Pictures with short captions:
-------------------------

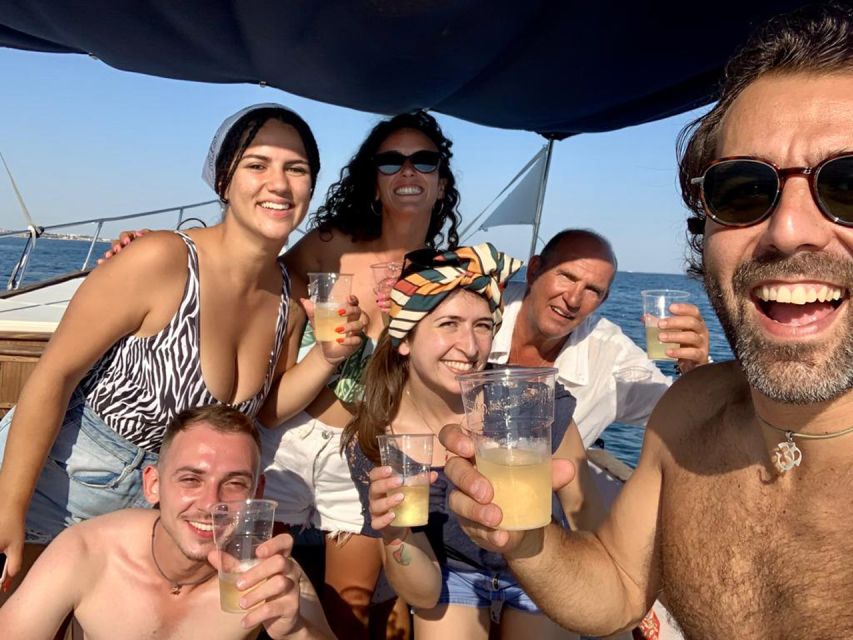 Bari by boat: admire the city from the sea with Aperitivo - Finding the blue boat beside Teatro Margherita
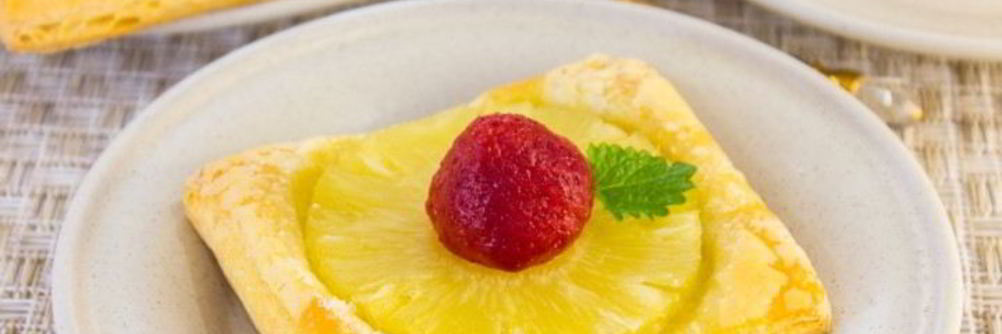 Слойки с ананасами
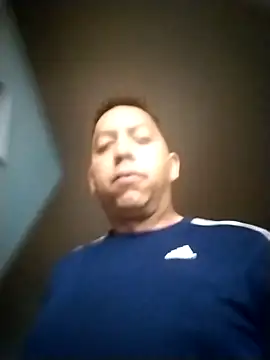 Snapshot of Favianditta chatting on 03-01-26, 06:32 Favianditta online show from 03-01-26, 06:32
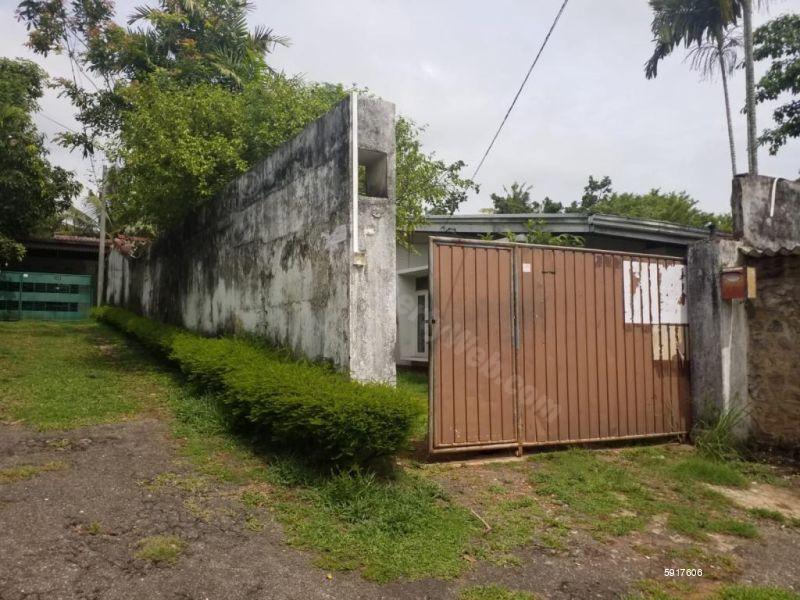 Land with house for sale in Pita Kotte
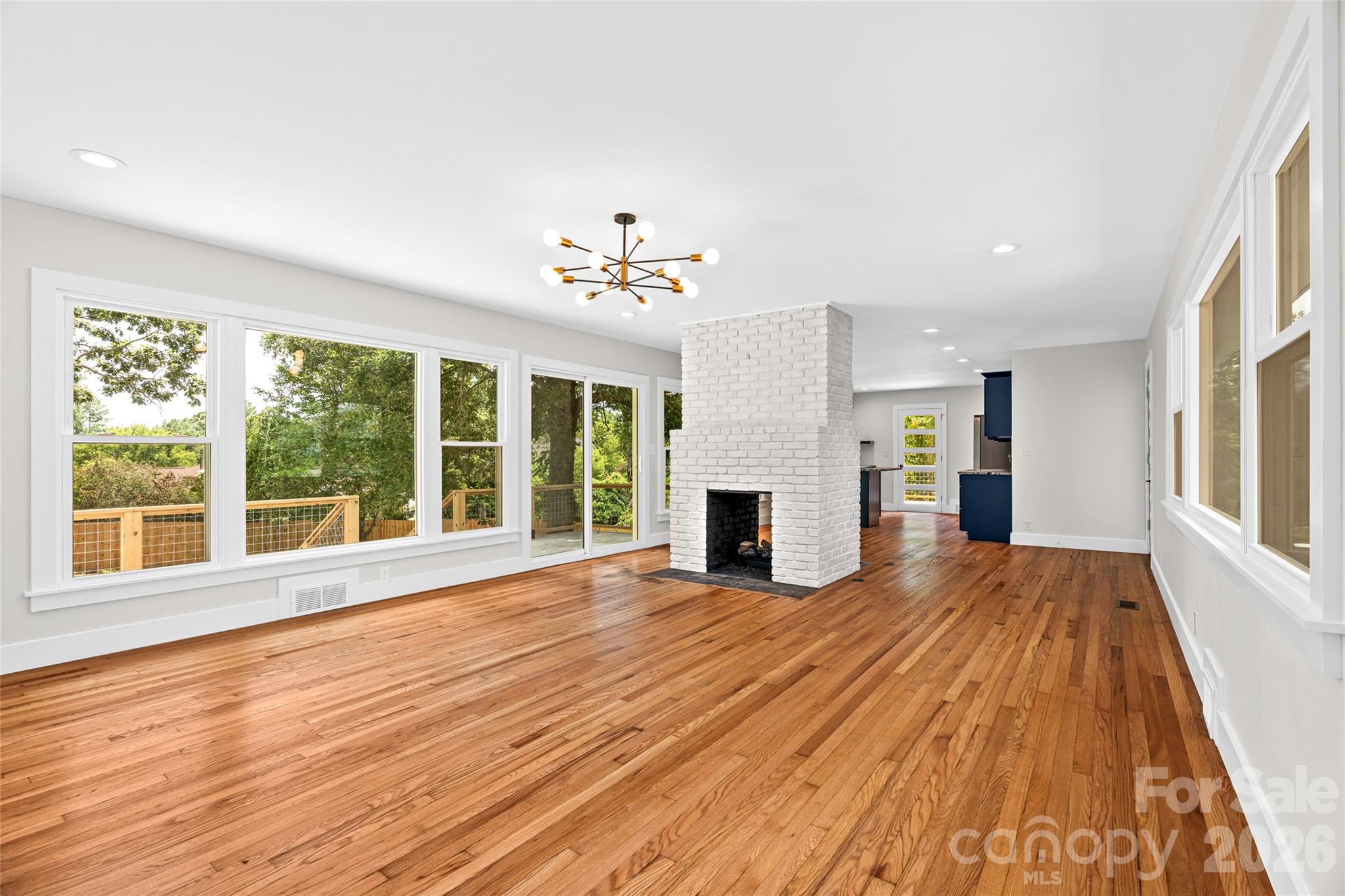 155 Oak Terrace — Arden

-------------------------

PROBLEM TO SOLVE →
The answer is the run of lines from the one with "Land with house for sale in Pita Kotte" through the final line of the data, copied exactly, and nothing else; no pictures.

YOUR RESPONSE →
 Land with house for sale in Pita Kotte
 155 Oak Terrace — Arden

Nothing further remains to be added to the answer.